The duel of economy and banking sector: who stirred the commotion?

Commercial banks’ lending to the private sector is on a downward trend. The banking sector grew considerably and consistently despite low coverage due to the large informal economy. There was also growing formal sector facilitated by banking sector expansion which is a laudable achievement. Our trend analysis starting 1990 confirm the same. However, we notice from figure 1, a reversal of fortunes for the banking sector around 2010 and not just the last year as many may believe. The news emerging from the banking sector may be the falling out of an overdue stressed functioning of the whole sector. From the above figure, we also notice that between January 2015 and September 2016, the average growth in private sector credit from commercial banks was 0.65 percent. We also observe that commercial banks’ lending has been increasing throughout, but the lending growth is on a clear downward slope starting 2007 and even negative over several months which was uncommon in the 1990s and 2000s. This is a first result to take note of troubles for the banking sector.

Similar downward trend is observed in the overall economy. GDP growth displays a downward trend starting around 2010. This is confirmed around the same time inventories data – which are stocks of goods held by firms to meet temporary or unexpected fluctuations in production or sales, and “work in progress” – are piling up around the same time.

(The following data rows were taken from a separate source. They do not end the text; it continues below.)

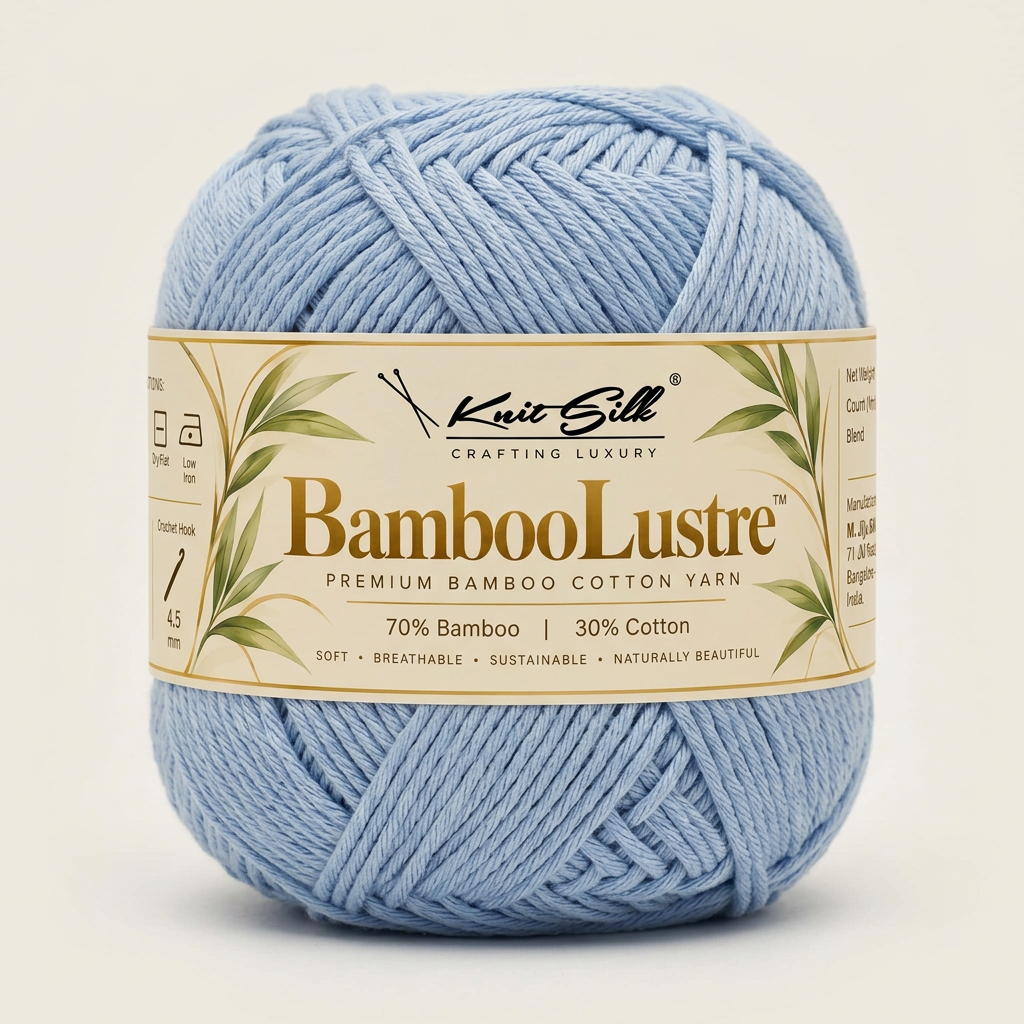KnitSilk BambooLustre™ Bamboo Cotton Yarn – Pack of 3 | 300 g | 390 m | Twisted Texture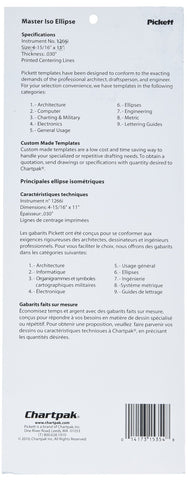 Pickett Master Isometric Ellipse Template (1266I)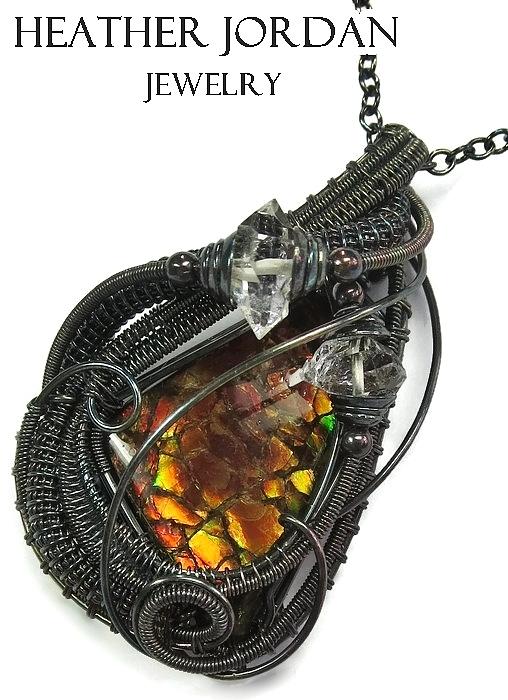 Ammolite Pendant Jewelry - Wire-Wrapped Dragon Skin Ammolite Pendant in Antiqued Sterling Silver with Herkimer Diamonds - 12 by Heather Jordan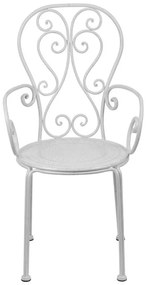 Scaun din metal, crem, Volute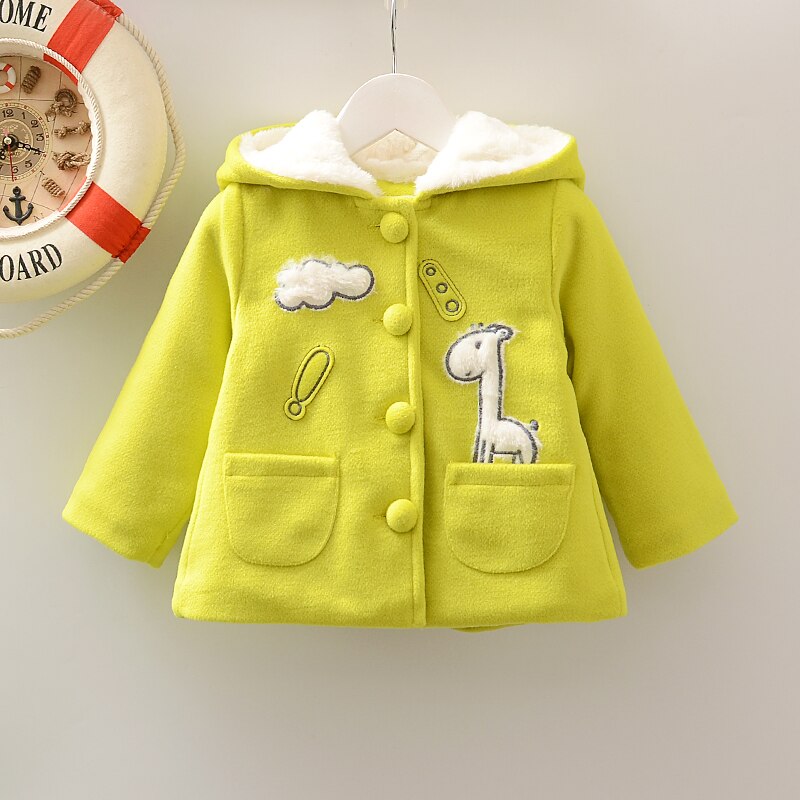 Female baby autumn winter coat, cartoon with hat collar coat.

Banking sector health is on a decline in the recent past. The crucial indicator that directly reflects the health of banking sector is the non-performing loans (NPL) to total gross loans ratio. This ratio has been continuously rising from the lows of 1.6 percent around 2010 to 8.31 percent for the latest April 2016 estimate which is the highest in the entire history of Ugandan banking sector history. This has a direct adverse impact on the return on equity (ROE) – which is the return earned on all the capital invested in the bank – can be observed to be a mirror image to NPL-to-loans ratio across time. In 2015/16 ROE of the total banking industry stood at 13.78 percent which is lower than any T-bills of shortest maturity period which is suggestive of liquidation of all commercial banks in Uganda and to invest them in T-bills (14.22 percent as of November 2, 2016) of the central bank, Bank of Uganda (BOU).

The drag on ROE is brought in by the capital requirements spike in the recent years which is rather a reactionary and kneejerk reflex of the BoU to contain the scare of commercial banks failure. These requirements are multiple times the recommendation as per BASEL-III. We believe, BOU monitoring capabilities have been sharp and well monitored, hence capital requirements may be reduced for the sector to be profitable again.

In conclusion, a closer and detailed scrutiny of the NPLs’ sector and industry specific stress factors is a prerequisite before policy recommendations and banking industry interventions are implemented to target and have a better impact of fiscal, monetary and financial regulation toolkit. Higher interest rates and large interest rate spread could be brought down promoting financial inclusion and attracting more deposits. A wild card here would be to use the current “interest-free” mobile money to contribute to the deposit pool of formal commercial banks, and in-turn linking mobile money industry to complement efforts of formal financial inclusion of population. Most importantly, again, understanding NPLs piece-by-piece (more details be made public) is required before tagging the entire economy or the entire banking sector as defunct and regroup efforts in a targeted fashion to restart the economy with a healthy banking sector.